## SUPPLIED MATERIAL
______

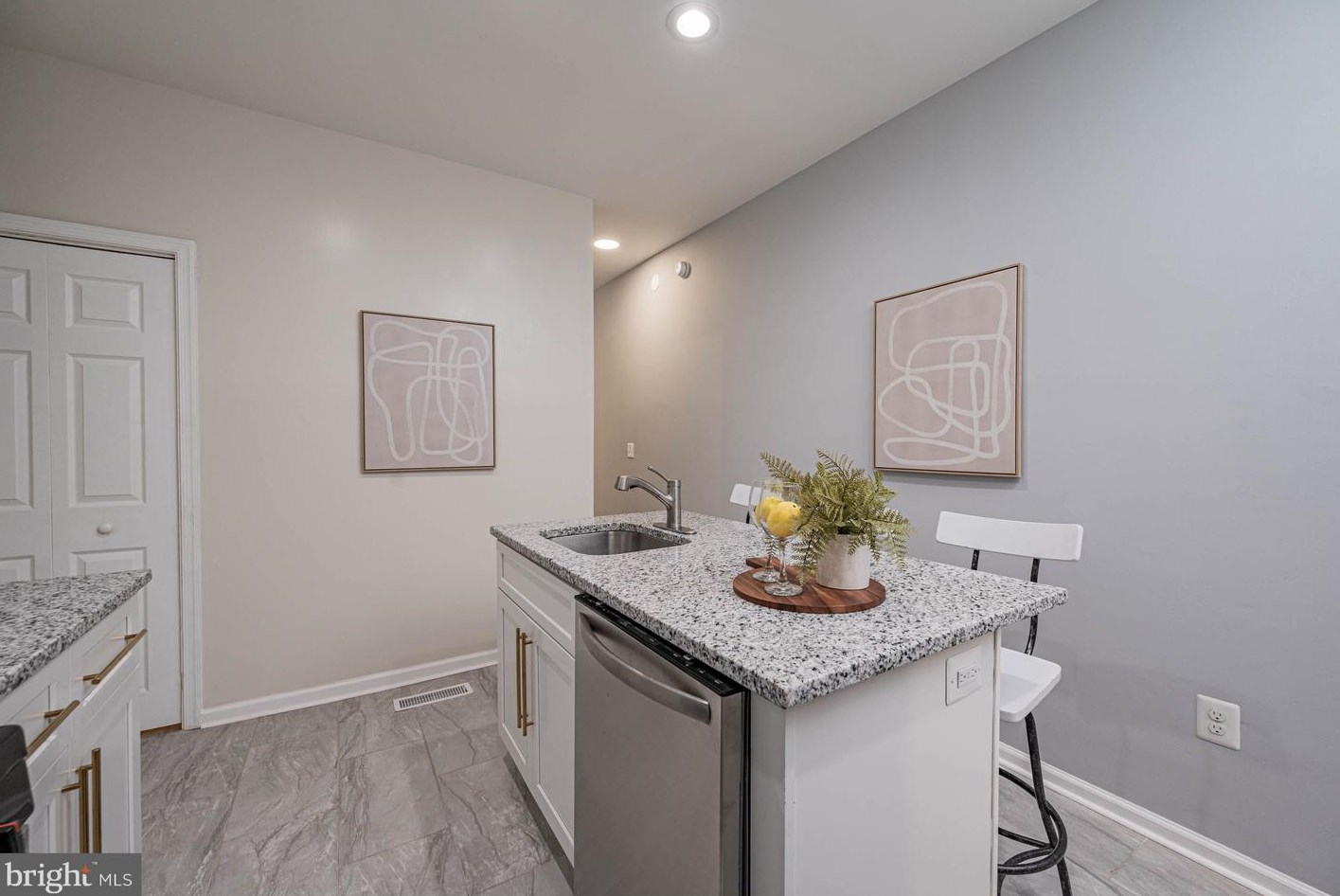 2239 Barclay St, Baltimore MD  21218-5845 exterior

______

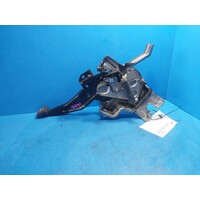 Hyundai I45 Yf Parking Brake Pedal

______

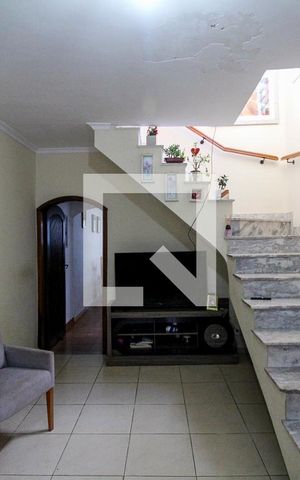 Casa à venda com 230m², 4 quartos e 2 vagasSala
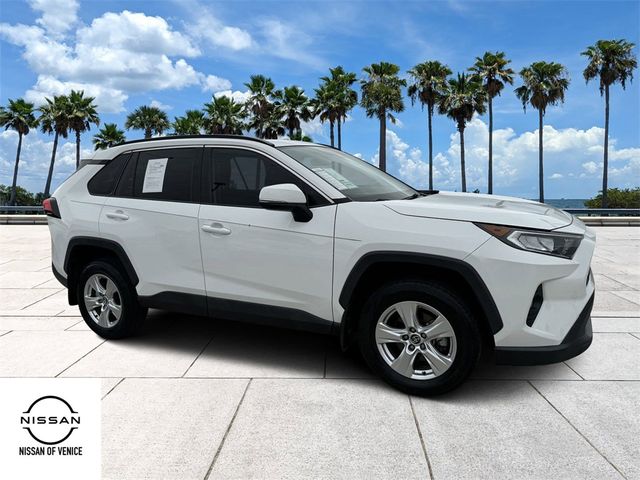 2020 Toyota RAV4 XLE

______

## HOW TO COMPLETE THIS TASK
Only the lines above from the one with "Casa à venda" to the one with "2020 Toyota RAV4 XLE" should be printed, both included and exactly as written; no picture belongs in the copy.

## SOLUTION FOR THIS EXERCISE
 Casa à venda com 230m², 4 quartos e 2 vagasSala
 2020 Toyota RAV4 XLE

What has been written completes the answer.